- Location: White City Stadium
- Start date: 15 June
- End date: 29 June
- Total prize money: £3,000 (winner)

= 1963 English Greyhound Derby =

The 1963 Greyhound Derby took place during June with the final being held on 29 June 1963 at White City Stadium.
The winner was Lucky Boy Boy and the owner Stan Barrett received £3,000.

== Final result ==
At White City (over 525 yards):

| Position | Name of Greyhound | Breeding | Trap | SP | Time | Trainer |
|---|---|---|---|---|---|---|
| 1st | Lucky Boy Boy | Super Man - Grange Maiden | 1 | 1-1f | 29.00 | John Bassett (Clapton) |
| 2nd | Greenane Wonder | Hi There - Prairie Peg | 2 | 4-1 | 29.54 | Jack Harvey (Wembley) |
| 3rd | Barronstown King | Jakfigaralt - Eileen's Neighbour | 6 | 25-1 | 29.62 | Clare Orton (Wimbledon) |
| 4th | Hack It About | Solar Prince - Hack About | 3 | 4-1 | 30.58 | Jack Harvey (Wembley) |
| 5th | Misty King | Duet Leader - Shiralee | 5 | 8-1 | 30.78 | John Bassett (Clapton) |
| 6th | Bulgaden Glory | Super Man - Airways Biddy | 4 | 20-1 | 30.88 | John Haynes (Private) |

=== Distances ===
6¾, 1, 12, 2½, 1¼ (lengths)

The distances between the greyhounds are in finishing order and shown in lengths. From 1950 one length was equal to 0.08 of one second.

== Competition report==
Dromin Glory returned for another edition of the Derby and headed the ante-post betting based on his form from the previous year. Trainer John Bassett trained two more leading contenders called Misty King and Gold Collar runner up Lucky Boy Boy. Trainer Bessie Lewis travelled down from her Scottish kennels with a greyhound Called Crazy Platinum, a son of Crazy Parachute.

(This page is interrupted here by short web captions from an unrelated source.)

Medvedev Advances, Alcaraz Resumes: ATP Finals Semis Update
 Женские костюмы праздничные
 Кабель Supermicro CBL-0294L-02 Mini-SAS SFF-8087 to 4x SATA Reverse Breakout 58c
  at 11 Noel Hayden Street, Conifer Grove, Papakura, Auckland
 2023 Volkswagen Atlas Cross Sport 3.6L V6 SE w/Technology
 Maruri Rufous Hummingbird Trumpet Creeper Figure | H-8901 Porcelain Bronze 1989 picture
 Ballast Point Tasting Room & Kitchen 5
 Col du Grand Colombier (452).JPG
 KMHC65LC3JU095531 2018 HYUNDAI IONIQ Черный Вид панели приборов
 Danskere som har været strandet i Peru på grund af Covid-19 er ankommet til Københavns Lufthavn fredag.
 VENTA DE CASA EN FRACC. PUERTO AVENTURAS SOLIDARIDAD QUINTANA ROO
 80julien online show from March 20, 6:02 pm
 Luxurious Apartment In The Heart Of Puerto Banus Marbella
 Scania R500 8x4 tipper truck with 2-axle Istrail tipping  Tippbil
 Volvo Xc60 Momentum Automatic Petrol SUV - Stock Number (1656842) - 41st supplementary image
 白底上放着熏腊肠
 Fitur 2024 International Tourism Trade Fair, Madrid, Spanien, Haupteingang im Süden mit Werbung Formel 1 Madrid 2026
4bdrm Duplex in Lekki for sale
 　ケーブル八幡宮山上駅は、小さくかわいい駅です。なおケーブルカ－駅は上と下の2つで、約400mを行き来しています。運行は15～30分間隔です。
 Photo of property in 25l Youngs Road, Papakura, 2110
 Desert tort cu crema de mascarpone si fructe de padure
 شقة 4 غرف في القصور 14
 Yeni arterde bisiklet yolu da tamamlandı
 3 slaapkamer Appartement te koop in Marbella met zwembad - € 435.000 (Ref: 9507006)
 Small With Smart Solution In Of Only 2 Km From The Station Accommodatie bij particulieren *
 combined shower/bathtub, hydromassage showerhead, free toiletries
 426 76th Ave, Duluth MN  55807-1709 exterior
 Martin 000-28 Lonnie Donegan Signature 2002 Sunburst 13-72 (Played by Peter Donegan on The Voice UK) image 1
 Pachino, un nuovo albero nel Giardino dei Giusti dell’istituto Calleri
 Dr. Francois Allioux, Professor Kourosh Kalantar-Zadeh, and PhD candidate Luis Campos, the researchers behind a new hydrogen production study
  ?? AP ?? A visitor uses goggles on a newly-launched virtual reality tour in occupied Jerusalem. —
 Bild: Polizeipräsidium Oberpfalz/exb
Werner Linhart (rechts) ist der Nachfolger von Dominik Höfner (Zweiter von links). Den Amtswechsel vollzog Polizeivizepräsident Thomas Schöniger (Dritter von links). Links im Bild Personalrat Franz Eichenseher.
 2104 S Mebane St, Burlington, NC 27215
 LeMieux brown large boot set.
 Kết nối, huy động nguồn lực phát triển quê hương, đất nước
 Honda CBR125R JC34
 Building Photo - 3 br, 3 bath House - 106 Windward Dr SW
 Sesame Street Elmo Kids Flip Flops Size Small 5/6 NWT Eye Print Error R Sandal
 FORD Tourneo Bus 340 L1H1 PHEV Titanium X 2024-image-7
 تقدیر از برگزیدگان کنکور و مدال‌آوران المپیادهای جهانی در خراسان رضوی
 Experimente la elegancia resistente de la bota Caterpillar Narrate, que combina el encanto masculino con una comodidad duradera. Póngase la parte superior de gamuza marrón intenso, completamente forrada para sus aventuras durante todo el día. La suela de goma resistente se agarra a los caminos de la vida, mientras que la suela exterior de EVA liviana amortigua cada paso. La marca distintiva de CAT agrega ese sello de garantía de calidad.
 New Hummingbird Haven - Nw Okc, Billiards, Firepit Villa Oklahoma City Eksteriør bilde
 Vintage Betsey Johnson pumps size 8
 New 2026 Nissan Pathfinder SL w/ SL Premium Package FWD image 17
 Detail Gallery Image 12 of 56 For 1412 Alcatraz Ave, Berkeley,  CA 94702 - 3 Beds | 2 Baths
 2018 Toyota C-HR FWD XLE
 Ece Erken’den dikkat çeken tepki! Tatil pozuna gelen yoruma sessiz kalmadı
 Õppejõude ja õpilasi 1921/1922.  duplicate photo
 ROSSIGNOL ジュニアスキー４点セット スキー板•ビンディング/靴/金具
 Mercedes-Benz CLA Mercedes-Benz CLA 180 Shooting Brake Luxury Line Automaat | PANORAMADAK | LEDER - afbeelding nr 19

The first round resulted in three greyhounds quoted at 250-1 and 500-1 ante-post winning heats and Dromin Glory failed to qualify after a poor run. Dual Derby finalist Black July went out in round two but consolation for John Bassett came with Lucky Boy Boy who was successful in both the heats and second round. Dalcassian Son also won in the heats and second round. Misty King and Greenane Wonder both won, the latter in a heat that ended with the disqualification of Lowerton Hero.

The opening semi-final went to a 20-1 shot Bulgaden Glory from Barronstown King and Misty King in a race marred by trouble that led to the elimination of Dalcassian Son. A cleaner and much closer second semi-final ended with Greenane Wonder edging out Hack It About by a short head with Lucky Boy Boy holding on for the third and final qualification spot by a short head from Irish challenger Jamie Serra. Gold Collar champion Music Guest's campaign also came to an end at this stage.

Although Lucky Boy Boy lost his unbeaten record in the semi-finals the bookmakers gave him a starting price of even money favourite for the final. Greenane Wonder was fast out the traps and moved wide at the first bend as he had throughout the competition and this caused Bulgaden Glory and Misty King to be bumped leaving them with no chance to qualify. Lucky Boy Boy took advantage of the trouble and went on to win by six and three quarter lengths.